Occasional glimpses of the landscape were rewarding, though: stunted evergreens, towering firs, lichen-covered granite boulders, thundering waterfalls. These were the real attraction; the scheduled stop for lunch — at a tacky, touristy “mining camp” fabricated for the express purpose of serving lunch and selling trinkets to bus tours — was completely forgettable.
We liked our stop in Carcross much better, despite the fact that it was only thirty minutes long. There’s not much to Carcross except for the general store, but it was stocked with items we hadn’t seen anywhere else (including cola balls — candy spheres, painted silver, that taste like cola once the chrome shell melts away).
We also liked the narrow-gage train trip down from Summit back to Skagway. After a few minutes of blind travel, the fog finally lifted, treating us to dizzying views of plunging gorges and rain-swollen waterfalls.

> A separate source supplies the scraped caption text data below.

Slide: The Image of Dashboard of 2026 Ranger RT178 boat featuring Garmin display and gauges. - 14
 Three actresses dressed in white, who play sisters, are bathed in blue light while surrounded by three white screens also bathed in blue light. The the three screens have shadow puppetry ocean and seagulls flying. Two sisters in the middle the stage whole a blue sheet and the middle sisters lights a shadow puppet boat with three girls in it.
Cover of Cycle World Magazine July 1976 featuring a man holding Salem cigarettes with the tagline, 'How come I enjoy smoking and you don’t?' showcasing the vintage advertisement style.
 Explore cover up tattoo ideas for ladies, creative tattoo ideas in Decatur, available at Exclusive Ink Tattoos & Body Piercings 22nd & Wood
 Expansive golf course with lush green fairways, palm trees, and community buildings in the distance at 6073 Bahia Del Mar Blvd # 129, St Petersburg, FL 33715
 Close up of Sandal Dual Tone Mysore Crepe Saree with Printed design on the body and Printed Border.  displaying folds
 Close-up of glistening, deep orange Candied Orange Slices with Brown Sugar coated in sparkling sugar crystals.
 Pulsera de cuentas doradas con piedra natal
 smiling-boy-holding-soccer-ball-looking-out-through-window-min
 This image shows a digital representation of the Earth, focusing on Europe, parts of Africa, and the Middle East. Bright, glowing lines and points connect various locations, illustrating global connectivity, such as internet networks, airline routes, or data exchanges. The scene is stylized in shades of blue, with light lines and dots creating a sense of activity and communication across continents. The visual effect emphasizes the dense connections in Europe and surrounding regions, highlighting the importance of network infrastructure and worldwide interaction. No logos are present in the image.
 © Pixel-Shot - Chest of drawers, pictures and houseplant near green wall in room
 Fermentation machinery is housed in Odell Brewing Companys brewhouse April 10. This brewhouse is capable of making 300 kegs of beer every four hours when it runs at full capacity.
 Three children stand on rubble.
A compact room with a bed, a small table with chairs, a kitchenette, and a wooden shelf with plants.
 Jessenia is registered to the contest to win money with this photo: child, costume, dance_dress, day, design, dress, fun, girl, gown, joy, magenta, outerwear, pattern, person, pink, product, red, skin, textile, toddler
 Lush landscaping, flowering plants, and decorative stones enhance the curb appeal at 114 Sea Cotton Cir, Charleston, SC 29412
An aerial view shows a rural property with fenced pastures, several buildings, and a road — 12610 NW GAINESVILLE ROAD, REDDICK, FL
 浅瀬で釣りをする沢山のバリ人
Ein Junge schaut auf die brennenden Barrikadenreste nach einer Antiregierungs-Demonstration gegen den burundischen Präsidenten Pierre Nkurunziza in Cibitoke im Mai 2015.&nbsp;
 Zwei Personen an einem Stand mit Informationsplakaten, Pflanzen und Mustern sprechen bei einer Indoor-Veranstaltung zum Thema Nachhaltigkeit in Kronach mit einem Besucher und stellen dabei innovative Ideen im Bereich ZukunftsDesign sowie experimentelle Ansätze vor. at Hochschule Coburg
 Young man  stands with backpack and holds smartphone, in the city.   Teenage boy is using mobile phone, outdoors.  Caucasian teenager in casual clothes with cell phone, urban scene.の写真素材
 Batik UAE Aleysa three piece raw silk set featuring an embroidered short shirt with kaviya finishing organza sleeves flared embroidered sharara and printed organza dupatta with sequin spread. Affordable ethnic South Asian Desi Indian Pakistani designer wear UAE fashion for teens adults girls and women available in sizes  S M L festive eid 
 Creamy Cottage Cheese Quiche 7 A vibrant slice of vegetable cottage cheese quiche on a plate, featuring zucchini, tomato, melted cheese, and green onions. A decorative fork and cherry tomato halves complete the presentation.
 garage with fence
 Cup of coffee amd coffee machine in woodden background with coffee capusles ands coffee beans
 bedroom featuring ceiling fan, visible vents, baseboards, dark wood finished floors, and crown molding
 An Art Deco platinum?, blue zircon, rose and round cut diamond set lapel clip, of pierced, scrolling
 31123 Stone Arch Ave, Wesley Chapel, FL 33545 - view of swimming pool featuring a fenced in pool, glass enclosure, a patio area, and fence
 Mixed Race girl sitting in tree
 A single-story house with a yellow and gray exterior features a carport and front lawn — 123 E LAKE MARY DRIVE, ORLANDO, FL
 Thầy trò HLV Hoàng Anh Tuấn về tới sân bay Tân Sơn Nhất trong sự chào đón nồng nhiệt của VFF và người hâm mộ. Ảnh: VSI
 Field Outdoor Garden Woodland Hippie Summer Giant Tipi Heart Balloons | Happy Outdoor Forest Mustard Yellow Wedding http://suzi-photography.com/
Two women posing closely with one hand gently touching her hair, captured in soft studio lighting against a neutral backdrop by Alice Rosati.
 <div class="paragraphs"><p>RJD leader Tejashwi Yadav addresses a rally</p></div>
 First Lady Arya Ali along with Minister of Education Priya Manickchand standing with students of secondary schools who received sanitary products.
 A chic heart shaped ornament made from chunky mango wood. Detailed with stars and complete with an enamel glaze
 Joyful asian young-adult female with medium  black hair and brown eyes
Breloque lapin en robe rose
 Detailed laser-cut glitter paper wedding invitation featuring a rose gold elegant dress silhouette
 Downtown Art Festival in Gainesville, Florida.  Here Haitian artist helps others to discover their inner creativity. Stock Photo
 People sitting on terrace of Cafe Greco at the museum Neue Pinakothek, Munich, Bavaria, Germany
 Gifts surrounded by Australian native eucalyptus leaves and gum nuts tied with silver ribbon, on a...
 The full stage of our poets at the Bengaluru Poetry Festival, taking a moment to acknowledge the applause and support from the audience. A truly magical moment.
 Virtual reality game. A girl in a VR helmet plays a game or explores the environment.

Back in Skagway, we found great buys on hooded rain jackets (if only we’d shopped before departing this morning!) and stuffed animals for Chelsea. Skagway itself is pretty much one street — Broadway — lined with jewelry stores and t-shirt shops, but the recreated mining-era storefronts make shopping and strolling a pleasure.
Back on the ship, I dried out and wound down with a tall, cool Blue Coco Mojito: rum, fresh lime, crushed fresh mint and lots and lots of ice.